怪盗紳士ミック

mikio@暗黒青春ミステリー書く人

怪盗紳士ミック退場

怪盗紳士ミック退場(1)

 ミック・アンダーグラウンドは五十海いかるみセントラル病院の待合ホールに置かれた背もたれがやけに固い椅子に心地悪そうに座って、約束の時間を待っていた。
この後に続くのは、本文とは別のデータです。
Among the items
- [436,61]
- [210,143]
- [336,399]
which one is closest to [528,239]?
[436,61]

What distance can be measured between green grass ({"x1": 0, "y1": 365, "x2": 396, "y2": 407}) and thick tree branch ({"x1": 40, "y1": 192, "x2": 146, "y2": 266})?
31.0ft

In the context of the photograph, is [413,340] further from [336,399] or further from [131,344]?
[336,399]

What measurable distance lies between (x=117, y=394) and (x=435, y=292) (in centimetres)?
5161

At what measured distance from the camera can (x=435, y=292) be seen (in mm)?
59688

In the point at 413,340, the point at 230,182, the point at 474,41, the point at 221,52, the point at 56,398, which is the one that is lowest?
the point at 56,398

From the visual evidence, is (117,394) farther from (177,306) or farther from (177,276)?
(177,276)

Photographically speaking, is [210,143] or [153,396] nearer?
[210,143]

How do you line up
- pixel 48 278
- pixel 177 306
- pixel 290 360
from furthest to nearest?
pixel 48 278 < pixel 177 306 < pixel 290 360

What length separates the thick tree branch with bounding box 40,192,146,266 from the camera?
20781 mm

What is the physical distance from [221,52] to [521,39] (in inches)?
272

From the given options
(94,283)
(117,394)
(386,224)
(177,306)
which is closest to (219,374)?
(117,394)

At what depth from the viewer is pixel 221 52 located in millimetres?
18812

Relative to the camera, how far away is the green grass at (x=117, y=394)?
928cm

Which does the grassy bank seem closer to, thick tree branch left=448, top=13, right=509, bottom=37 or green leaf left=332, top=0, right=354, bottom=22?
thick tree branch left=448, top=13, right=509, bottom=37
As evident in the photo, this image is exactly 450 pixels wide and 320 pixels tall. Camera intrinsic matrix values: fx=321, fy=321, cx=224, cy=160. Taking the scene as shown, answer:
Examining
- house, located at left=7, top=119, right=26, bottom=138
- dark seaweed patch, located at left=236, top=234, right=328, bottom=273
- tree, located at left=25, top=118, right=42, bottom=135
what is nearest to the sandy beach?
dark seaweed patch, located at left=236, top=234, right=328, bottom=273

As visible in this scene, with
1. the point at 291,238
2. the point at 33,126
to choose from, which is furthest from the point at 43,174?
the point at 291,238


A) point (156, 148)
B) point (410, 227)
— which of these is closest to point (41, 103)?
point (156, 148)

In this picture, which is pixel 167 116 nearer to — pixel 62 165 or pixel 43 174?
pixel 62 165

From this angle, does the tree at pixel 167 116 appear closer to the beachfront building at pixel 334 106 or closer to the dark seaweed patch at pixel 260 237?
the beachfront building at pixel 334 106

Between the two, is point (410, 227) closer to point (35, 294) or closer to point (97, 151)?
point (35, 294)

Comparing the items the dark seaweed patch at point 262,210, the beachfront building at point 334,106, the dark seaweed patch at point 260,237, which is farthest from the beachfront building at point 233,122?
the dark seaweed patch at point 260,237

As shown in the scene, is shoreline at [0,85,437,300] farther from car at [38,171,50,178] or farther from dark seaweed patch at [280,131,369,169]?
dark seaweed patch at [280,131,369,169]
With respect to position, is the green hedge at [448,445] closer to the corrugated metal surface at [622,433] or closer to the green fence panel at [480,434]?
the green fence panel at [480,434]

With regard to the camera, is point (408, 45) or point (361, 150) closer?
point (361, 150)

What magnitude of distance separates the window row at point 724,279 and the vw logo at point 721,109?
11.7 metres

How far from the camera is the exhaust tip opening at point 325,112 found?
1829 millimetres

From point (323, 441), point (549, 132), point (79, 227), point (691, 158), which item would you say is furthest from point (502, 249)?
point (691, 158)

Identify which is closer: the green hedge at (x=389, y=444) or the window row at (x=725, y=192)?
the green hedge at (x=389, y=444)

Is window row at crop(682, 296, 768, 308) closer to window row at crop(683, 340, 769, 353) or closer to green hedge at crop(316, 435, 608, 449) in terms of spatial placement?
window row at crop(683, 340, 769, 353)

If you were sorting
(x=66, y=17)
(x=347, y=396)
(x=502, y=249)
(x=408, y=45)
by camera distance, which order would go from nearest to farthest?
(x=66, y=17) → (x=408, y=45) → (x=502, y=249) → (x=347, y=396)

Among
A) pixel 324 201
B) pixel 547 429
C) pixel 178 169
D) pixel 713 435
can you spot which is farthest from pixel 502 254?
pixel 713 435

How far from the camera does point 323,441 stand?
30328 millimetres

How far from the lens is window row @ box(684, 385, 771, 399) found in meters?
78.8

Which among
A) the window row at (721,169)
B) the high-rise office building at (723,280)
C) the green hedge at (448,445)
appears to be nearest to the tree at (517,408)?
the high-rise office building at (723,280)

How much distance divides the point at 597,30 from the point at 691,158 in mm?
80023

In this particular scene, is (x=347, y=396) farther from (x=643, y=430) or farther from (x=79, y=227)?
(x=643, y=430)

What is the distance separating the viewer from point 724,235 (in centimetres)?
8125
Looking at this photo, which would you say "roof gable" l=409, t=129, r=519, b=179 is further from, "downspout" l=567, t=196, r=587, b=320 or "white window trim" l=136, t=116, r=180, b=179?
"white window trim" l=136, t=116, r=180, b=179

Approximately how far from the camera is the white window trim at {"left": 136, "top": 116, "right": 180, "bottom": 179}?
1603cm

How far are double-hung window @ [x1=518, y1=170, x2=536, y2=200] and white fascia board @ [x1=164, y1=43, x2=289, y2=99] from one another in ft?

 平日の午前中のことである。老人の集会場と化したホールには、すえたような臭いが漂っている。臭いのもとはわからないが、死体のそれとよく似ていることだけは確かだった。


「アンダーグラウンドさんですね?」


 約束の十時を少し過ぎたところで、若い女が姿を見せた。スーツの上からでもはっきりとわかる豊満な体つきで、唇にもはっとするほど鮮やかな口紅をさしている。


 およそ病院職員にはみえなかったが、立ち上がったミックに女は「院長秘書の伊良間いらま千代ちよです」と名乗った。


「ご案内しますわ」


 秘書に連れられて職員以外立ち入り禁止と書かれたドアを通り抜けて奥に進むと、重量感のあるウォルナットのドアがみえてきた。


「やぁ、来たね」


 患者用のベッドがゆうに六台は入るであろう広々とした部屋の中央で、リクライニングチェアに腰掛けていた男が、ゆっくりと立ち上がった。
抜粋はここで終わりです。